● **Information provided**
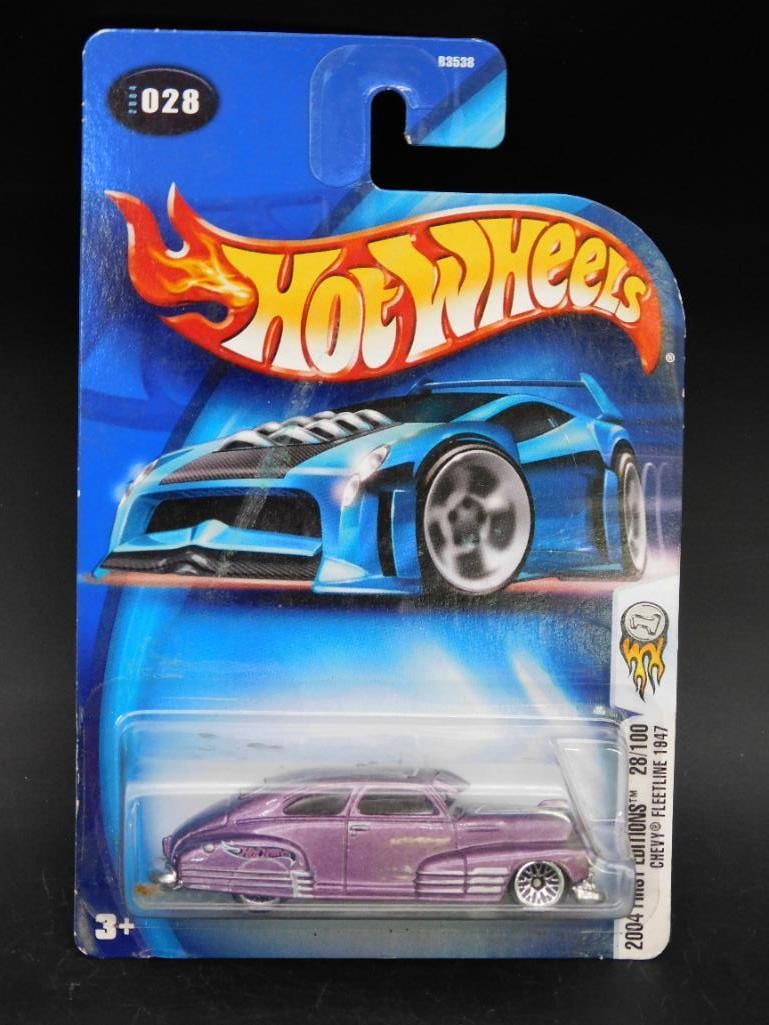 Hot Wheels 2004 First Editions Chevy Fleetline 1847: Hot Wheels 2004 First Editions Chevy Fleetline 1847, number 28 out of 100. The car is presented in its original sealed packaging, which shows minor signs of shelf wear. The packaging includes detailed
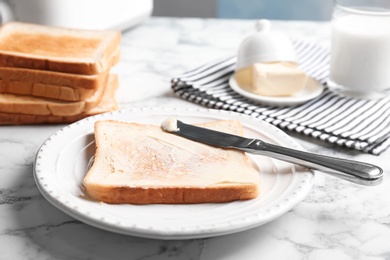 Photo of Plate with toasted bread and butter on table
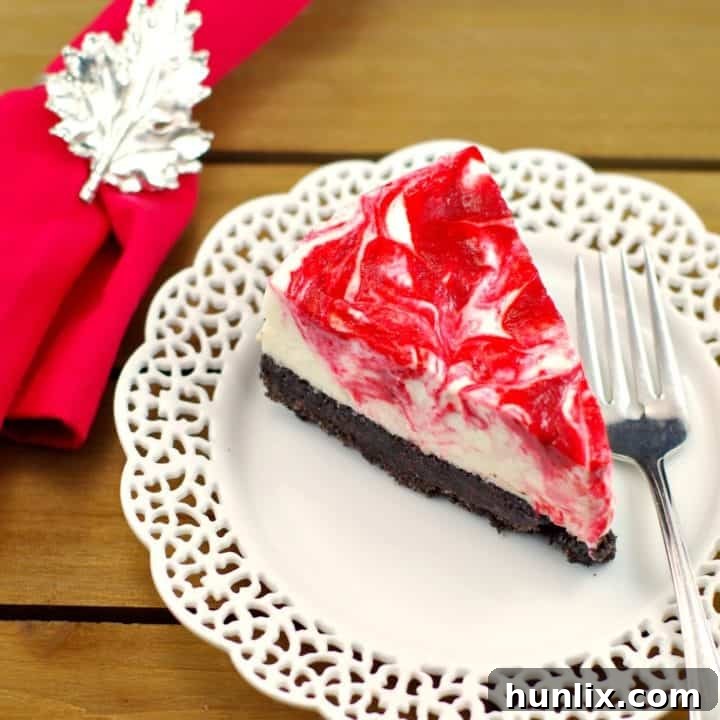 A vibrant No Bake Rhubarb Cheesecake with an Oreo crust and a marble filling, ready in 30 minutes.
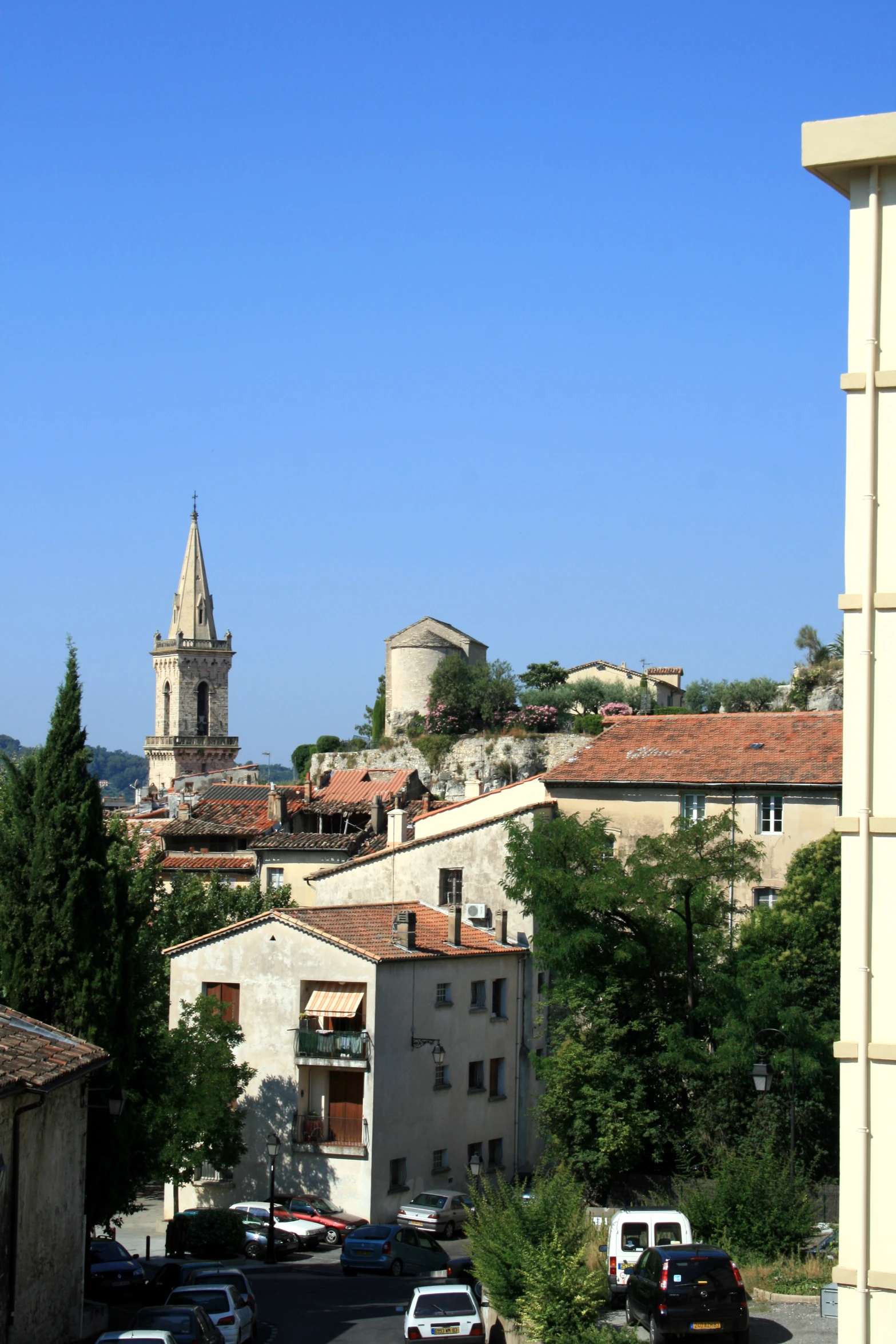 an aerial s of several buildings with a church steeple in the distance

● **Task goal**
Could you repeat word for word only the lines from the one that contains "Photo of Plate" through the end of the listing, leaving out the pictures?

● **Exercise result**
 Photo of Plate with toasted bread and butter on table
 A vibrant No Bake Rhubarb Cheesecake with an Oreo crust and a marble filling, ready in 30 minutes.
 an aerial s of several buildings with a church steeple in the distance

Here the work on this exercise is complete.